Mel Casas (b. 1929- d. 2014) was an artist of national and international renown. He was also an educator and cofounder of the San Antonio Artist Collective Con Safoconsidered by many to be one of the most significant Chicano Art groups of the 60s and 70s. In regards to the future of Chicano art, Casas is quoted for the landmark exhibition, Chicano Art: Resistance and Affirmation (CARA), that his wishes were to make "Chicano art relevant to everyone. Casas constructed a diagram outlining his vision to balance the "national art criteria" with Chicano Art and Regional Art in attempts to make Chicano art more accessible and "relevant to EVERYONE: AN ICONIC REALITY"
Ruiz-Healy Art's Mel Casas: Iconic Reality, features a body of work, not shown together previously. Selected Humanscapes have been juxtaposed with his more painterly applications (the artist later used a brushless application, where he poured paint directly on the canvas), mixing intimate and smaller works that really demonstrate the artist's fixation on beauty and sensuality, with his grander-scaled political paintings, providing a well-rounded view of the artists oeuvre under one roof. In the words of Carlos Francisco Jackson, "Ruiz-Healy Arts exhibition of Mel Casas work provides a window into his broad and impactful practice of challenging borders that create metaphorical, physical, and ideological divergences."

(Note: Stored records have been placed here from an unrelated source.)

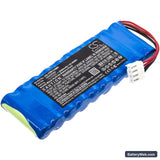 Carewell ECG-1101 Replacement Battery, 12V, 2000mAh, Ni-MH 1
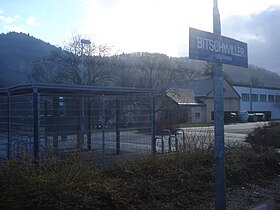 A Bitschwiller station cikk illusztráló képe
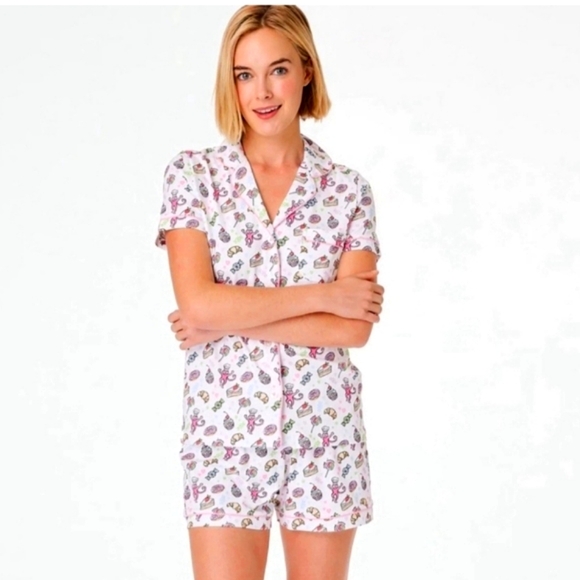 Roller Rabbit Birthday Bonanza Polo Pajamas NWT - Picture 2 of 3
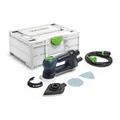 Produktbild: Festool Getriebe-Exzenterschleifer RO 90 DX FEQ-Plus ROTEX (mit FastFix Schleifteller, Schleifschuh, Protector), im Systainer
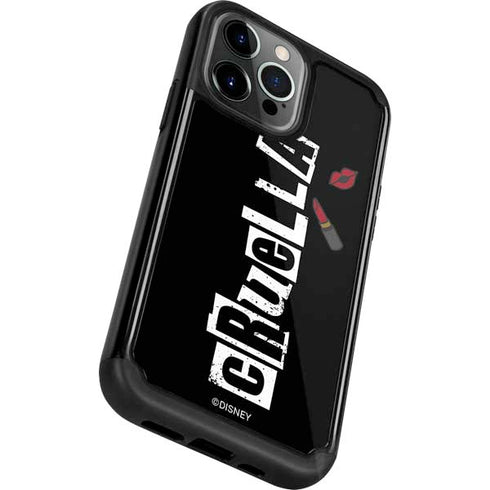 Disney Cruella (2021) Logo and Lipstick iPhone 13 Pro Cargo Case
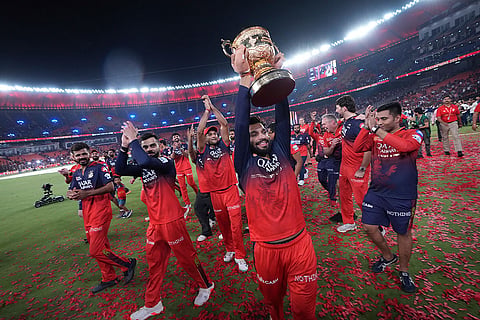 Indian Premiere League Final RCB vs PBKS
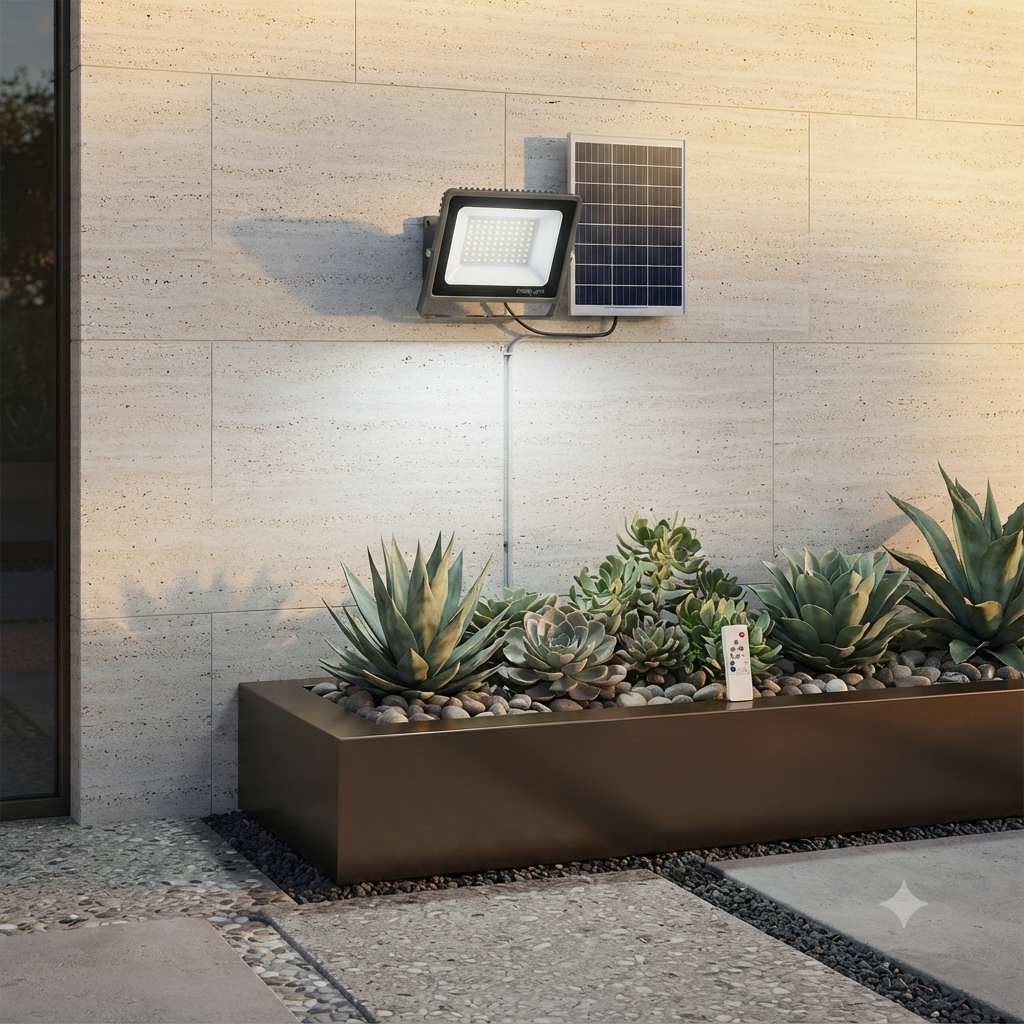 Philips LED Solar Floodlight 200W Equivalent BVP080 G2-22070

Casas was born and raised in El Paso. He received his his BA from Texas Western College (now the University of Texas at El Paso) in 1956 and his MFA from the University of the Americas in Mexico City 1958. In 1975 he was selected to participate in prestigious American Art survey, the Whitney Biennial. And he is found in respected collections such as the Smithsonian American Art Museum, Washington, D.C.. Casas was featured in pivotal exhibitions and publications on Chicano Art including: Chicano Art: Resistance and Affirmation (An interpretive exhibition of the Chicano Art Movement, 1965-1985), The Latin American Spirit: Art and Artists in the United States, 1920-1970, Hispanic Art in the United States: Thirty Contemporary Painters and Sculptors, Contemporary Chicana and Chicano Art: Artists, Works, Culture, and Education (Volume 1), Chicano Visions: American Painters on the Verge, and Our America: The Latino Presence in American Art.